仮想現実世界であるメタバースが発展し、誰でもデジタルアバターを作ってバーチャルの世界で交流したりゲームを楽しんだりする時代に突入しています。
そんなもう1つの世界と言えるデジタルの仮想空間ですが、近年では冠婚葬祭に関するサービスが注目されています。
この記事では、メタバースにある霊園、そしてNFTでのお墓が売れている事情についてご紹介します。
今NFTのお墓が世界で売れている
今世界ではNFTという新しいデジタルファイルが話題になっています。
NFTとは?
NFTとは非代替性トークンのことで、偽造や改ざんが難しいブロックチェーン技術によって、唯一無二のデジタルデータです。
つまり、これまで画像などのデジタルデータは簡単にコピーされ、著作物としてきちんと証明されることが難しい状態だった中、NFTは固有の価値がつけられるようになったのです。
かつての有名画家の作品に何億円もの価値がつくように、デジタルデータ1つ1つにしっかりとした資産価値がつけられるようになったため、高値で取引されています。
NFTは誰でも作成ができるうえ、もし転売されると作者に報酬が還元されるというシステムです。
NFTのお墓は大切なデジタルデータをずっと保存できる
このブロックチェーンの技術を利用して、注目を集めているものがNFTのお墓です。現実のお墓は区画を購入し、永代使用料や管理費などを支払うことで所有しています。

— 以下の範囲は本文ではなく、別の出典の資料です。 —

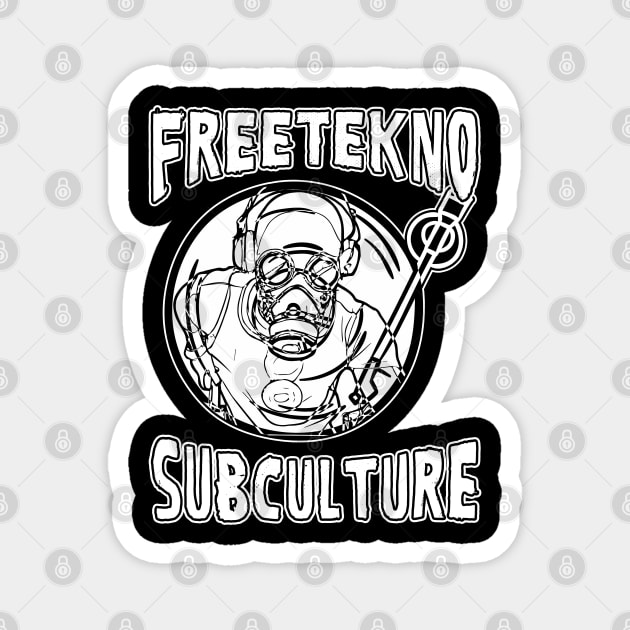 Free Tekno Subculture Magnet by T-Shirt Dealer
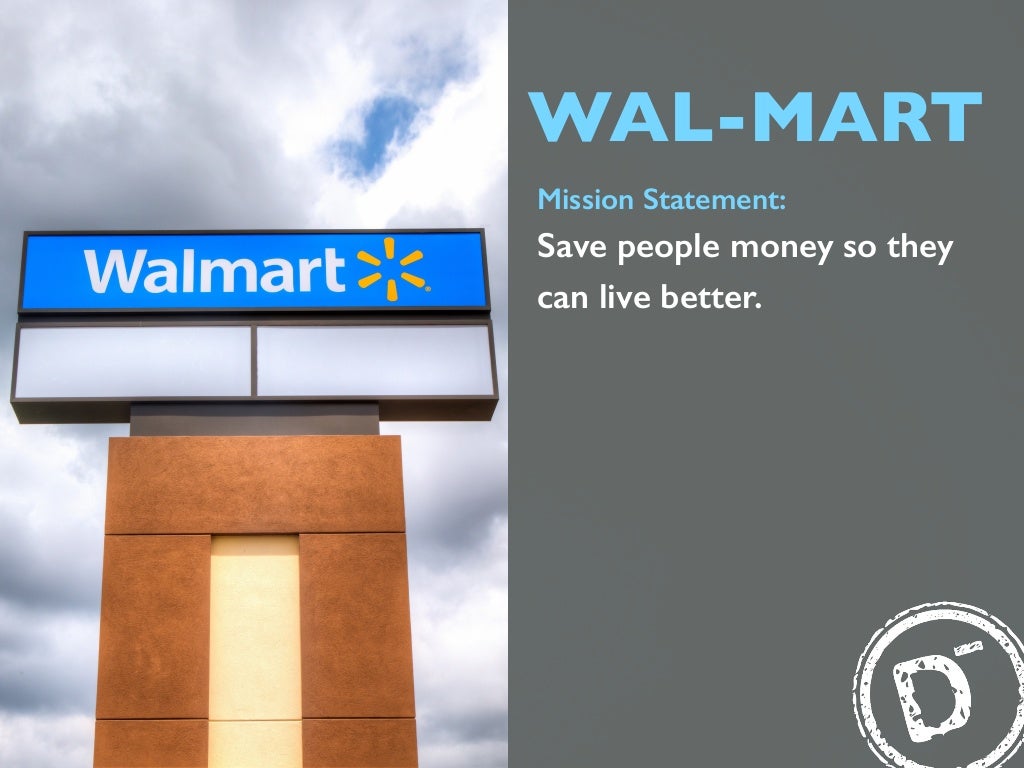 WAL-MART Mission Statement: Save people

NFTの墓地も同じく、作成者が明確でありブロックチェーンの技術によって永久にわたってデータが保管されるのです。
現実の世界だと日焼けなどの経年劣化で、思い出の写真やメッセージは色褪せてしまったり破損したりします。
ブロックチェーン技術を活かしたNFTのお墓なら、デジタルデータとして未来永劫管理され、しかも改ざんされる心配もないのです。
NFTでバーチャル墓地を買うメリット
NFTでバーチャルなお墓を買うことは、次のように色々なメリットがあります。
費用を抑えられる
NFTは誰でも作成ができ、特にサービスを活用しなくてもNFTデータを自ら作り出せます。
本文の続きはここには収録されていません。